Registered: 05/02/05
Posts: 22045
Loc: Carlisle, PA
Dave, SAR, Trish,

What a great thread. It is making me do a lot of rethinking about things that I see I have been hesitant to face, Adonis that I am.

It is difficult for me to answer your question Dave, because both my emergence from denial and the slide in my interest in sex came on slowly and were both well advanced by the time I recognized what was going on. It was all to easy to make up excuses like "I am so tired and have been working too hard", etc. Also, my wife had just bought a restaurant in Oxford and was herself working very hard. There were days she would come home after we were all in bed and would be gone the next day before we got up. Then it got complicated again when I took my job in Germany and our initial plans for the family to follow me there did not work out.

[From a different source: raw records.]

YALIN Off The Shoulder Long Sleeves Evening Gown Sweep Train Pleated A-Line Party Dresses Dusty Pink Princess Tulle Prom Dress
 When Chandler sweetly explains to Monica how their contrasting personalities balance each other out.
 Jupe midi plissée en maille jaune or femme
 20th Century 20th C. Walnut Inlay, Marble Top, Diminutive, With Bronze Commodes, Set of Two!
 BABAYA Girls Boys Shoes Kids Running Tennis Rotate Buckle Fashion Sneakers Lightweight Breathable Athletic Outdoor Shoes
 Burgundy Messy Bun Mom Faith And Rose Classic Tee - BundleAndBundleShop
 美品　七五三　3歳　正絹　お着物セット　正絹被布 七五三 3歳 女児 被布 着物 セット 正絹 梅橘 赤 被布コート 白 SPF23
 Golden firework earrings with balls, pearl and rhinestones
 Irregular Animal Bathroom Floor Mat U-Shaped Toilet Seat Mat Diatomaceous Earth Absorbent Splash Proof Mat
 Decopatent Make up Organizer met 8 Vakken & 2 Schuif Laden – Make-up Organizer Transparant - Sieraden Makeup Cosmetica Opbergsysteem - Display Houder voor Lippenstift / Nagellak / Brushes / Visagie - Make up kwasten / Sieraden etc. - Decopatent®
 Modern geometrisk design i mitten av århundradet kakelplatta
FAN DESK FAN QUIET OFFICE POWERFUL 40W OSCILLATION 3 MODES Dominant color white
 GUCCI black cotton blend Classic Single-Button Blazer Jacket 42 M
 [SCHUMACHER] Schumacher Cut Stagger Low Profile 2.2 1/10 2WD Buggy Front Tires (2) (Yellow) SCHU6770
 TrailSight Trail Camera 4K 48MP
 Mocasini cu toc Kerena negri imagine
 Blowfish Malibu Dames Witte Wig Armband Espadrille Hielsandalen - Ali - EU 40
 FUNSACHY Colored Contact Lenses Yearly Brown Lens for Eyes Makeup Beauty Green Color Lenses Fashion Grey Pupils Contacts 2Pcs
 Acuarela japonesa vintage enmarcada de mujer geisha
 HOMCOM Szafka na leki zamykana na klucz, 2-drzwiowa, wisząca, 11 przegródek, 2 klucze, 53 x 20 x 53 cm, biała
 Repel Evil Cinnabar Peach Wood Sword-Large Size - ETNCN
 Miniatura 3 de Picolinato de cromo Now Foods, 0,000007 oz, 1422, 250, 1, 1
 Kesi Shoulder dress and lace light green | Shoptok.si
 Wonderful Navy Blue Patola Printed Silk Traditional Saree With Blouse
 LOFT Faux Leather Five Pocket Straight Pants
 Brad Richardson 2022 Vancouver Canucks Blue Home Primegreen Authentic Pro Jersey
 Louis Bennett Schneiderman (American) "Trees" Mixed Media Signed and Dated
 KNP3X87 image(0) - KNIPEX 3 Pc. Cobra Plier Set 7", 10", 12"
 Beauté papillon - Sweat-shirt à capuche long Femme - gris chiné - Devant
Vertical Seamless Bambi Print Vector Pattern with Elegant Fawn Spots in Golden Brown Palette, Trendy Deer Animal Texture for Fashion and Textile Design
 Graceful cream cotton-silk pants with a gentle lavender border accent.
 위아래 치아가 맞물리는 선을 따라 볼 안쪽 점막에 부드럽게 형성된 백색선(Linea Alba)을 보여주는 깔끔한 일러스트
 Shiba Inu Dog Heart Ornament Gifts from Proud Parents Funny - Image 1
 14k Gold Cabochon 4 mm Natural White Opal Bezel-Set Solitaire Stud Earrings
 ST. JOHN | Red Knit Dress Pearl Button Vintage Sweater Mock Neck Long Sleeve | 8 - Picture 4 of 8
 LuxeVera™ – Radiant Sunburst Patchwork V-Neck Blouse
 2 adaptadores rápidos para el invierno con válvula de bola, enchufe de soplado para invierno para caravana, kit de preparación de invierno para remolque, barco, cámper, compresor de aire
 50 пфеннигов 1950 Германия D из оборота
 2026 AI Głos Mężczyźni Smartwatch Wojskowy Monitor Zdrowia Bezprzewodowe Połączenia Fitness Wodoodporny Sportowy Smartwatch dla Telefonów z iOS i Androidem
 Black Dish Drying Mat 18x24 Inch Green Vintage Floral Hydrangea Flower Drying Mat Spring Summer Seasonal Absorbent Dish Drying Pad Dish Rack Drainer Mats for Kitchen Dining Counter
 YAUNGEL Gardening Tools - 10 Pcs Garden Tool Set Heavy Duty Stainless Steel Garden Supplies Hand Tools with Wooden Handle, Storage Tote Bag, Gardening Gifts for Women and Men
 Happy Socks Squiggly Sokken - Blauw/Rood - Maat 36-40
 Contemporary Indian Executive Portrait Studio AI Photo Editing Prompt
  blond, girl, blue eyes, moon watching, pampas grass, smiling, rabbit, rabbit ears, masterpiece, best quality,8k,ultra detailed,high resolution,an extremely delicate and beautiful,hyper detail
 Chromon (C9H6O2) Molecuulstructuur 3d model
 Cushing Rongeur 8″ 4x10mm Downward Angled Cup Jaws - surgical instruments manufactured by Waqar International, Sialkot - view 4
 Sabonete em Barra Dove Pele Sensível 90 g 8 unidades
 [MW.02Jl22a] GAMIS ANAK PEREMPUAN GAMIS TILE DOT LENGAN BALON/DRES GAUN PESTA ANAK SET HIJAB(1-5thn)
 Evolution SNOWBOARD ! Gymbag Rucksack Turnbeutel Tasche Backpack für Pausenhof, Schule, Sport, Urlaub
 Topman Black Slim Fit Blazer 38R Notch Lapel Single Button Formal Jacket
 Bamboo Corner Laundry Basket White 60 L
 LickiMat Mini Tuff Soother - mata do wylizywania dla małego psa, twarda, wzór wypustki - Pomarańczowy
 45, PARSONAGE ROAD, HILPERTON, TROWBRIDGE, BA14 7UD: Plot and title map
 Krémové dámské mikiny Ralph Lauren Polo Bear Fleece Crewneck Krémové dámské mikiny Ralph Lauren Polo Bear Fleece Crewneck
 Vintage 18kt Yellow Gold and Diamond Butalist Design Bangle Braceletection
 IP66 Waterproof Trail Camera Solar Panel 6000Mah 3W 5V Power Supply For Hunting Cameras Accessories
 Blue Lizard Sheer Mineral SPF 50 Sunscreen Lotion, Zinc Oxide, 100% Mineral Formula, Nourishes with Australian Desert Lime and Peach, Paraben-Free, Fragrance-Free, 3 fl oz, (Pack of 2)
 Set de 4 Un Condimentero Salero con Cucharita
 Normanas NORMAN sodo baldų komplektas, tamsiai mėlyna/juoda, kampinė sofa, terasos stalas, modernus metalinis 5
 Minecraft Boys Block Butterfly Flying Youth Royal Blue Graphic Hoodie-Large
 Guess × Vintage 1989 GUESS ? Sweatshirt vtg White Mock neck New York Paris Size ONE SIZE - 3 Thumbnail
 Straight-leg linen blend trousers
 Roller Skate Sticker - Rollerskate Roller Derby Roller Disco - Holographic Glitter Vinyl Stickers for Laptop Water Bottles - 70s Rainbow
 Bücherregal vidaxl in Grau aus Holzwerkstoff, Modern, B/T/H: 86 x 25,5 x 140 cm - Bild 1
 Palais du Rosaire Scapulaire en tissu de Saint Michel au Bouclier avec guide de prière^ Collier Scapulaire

Looking back, I have to admit that sex was something that was always problematic for me. I did not have difficulties initiating it, but was always alert for signs or hints that something was not right. I think I would have to say that as soon as I began to realize that I really had been sexually abused, and for years and in sadistic ways, that was pretty much the collapse of me as a sexual person. It's an area that I am nowhere close to reaching in therapy, so that has been no help yet.

SAR, you commented:

Quote:
I don't want to attack any of the guys who have posted to this thread-- but I wonder if the communication issue is as simple as "no one brought it up.
That's an important point, and I don't think these issues are ever a simple matter of "it just didn't come up". I think in every relationship, especially where sex is concerned, there is a constant process of tacit signalling and negotiation going on.

Much love,
Larry

_________________________
Nobody living can ever stop me
As I go walking my freedom highway.
Nobody living can make me turn back:
This land was made for you and me.
(Woody Guthrie)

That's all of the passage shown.